Dataset:
BEGIN
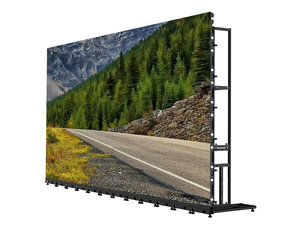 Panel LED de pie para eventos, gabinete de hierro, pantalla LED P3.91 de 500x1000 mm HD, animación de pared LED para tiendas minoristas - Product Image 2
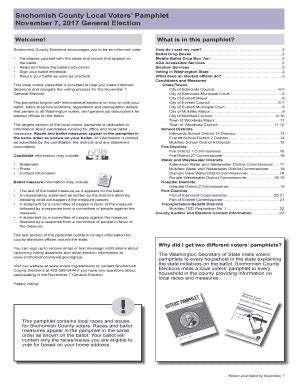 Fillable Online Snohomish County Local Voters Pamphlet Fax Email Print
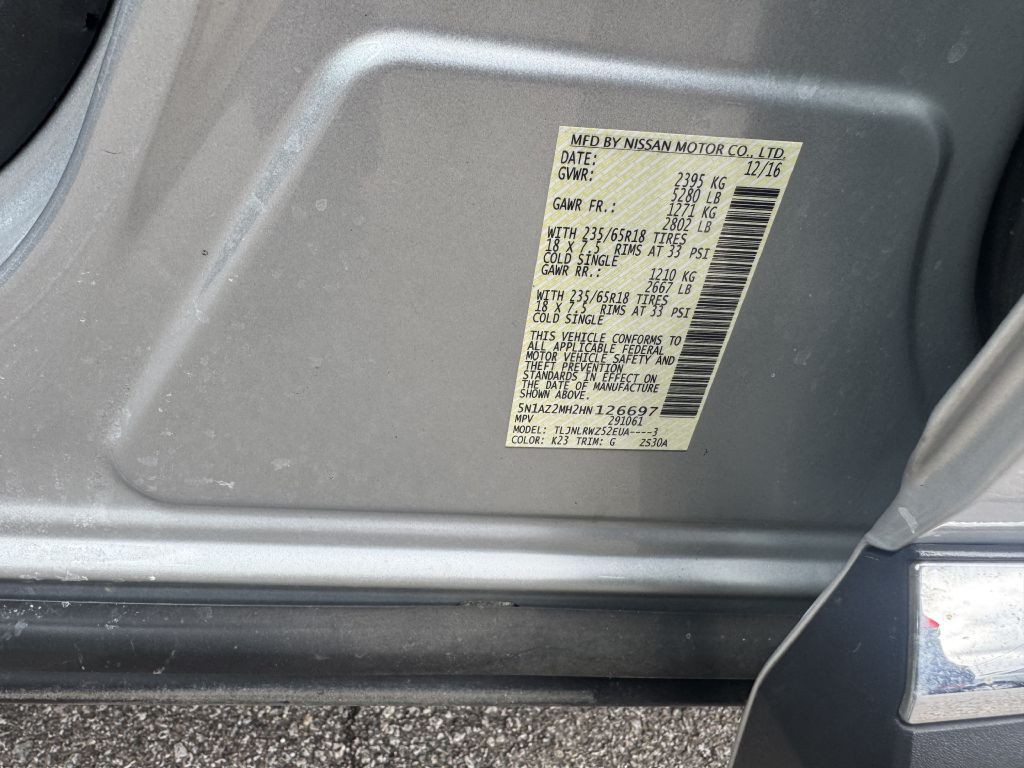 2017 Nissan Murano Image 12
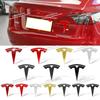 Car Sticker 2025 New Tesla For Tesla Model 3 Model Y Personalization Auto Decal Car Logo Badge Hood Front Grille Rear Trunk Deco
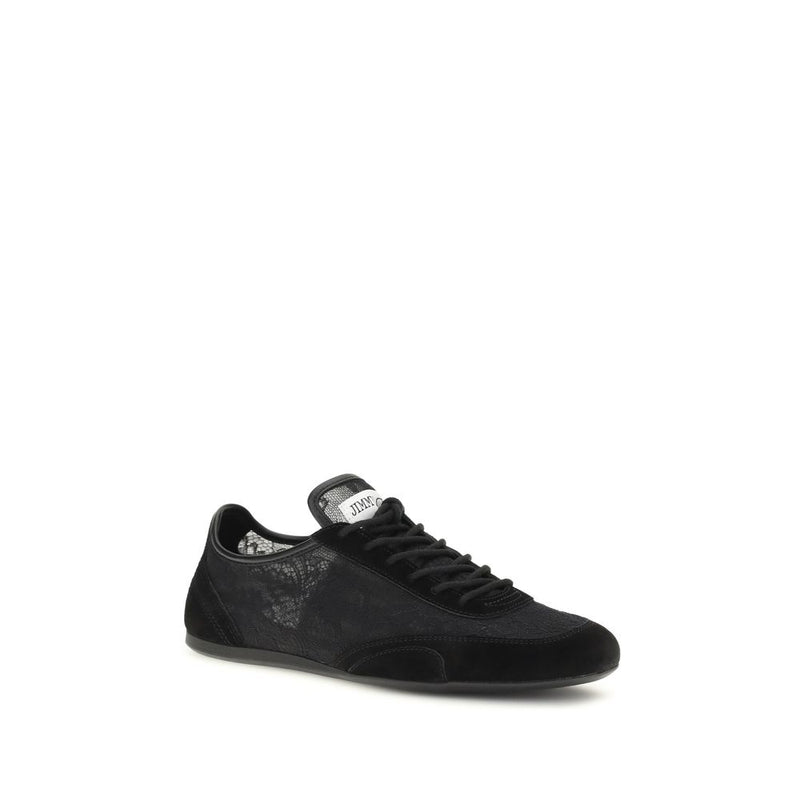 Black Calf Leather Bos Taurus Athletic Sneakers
END
BEGIN
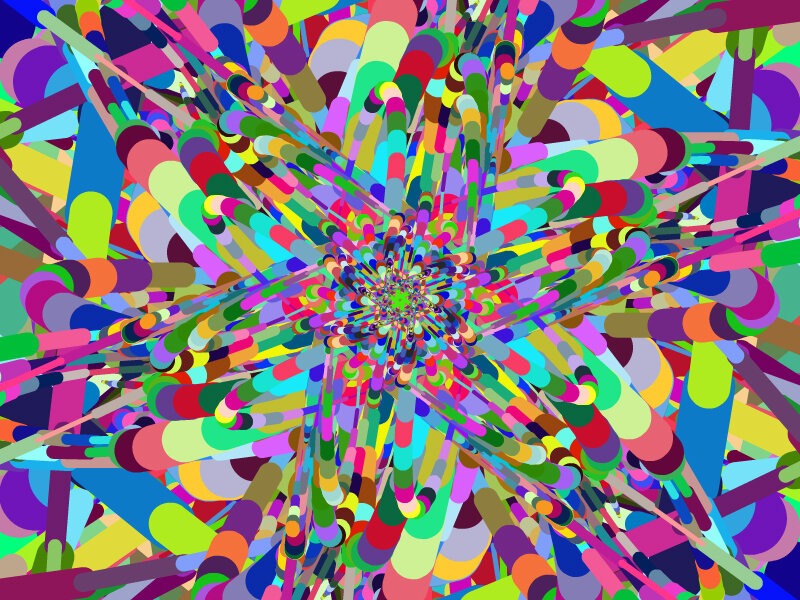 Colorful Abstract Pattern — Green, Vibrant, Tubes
END
BEGIN
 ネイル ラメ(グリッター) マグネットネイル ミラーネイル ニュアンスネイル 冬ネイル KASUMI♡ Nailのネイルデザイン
END
Your assignment: Using the entries above, repeat exactly the lines from the one with "Panel LED de" to the one with "Black Calf Leather", both included, and leave the pictures behind.

Response area:
 Panel LED de pie para eventos, gabinete de hierro, pantalla LED P3.91 de 500x1000 mm HD, animación de pared LED para tiendas minoristas - Product Image 2
 Fillable Online Snohomish County Local Voters Pamphlet Fax Email Print
 2017 Nissan Murano Image 12
 Car Sticker 2025 New Tesla For Tesla Model 3 Model Y Personalization Auto Decal Car Logo Badge Hood Front Grille Rear Trunk Deco
 Black Calf Leather Bos Taurus Athletic Sneakers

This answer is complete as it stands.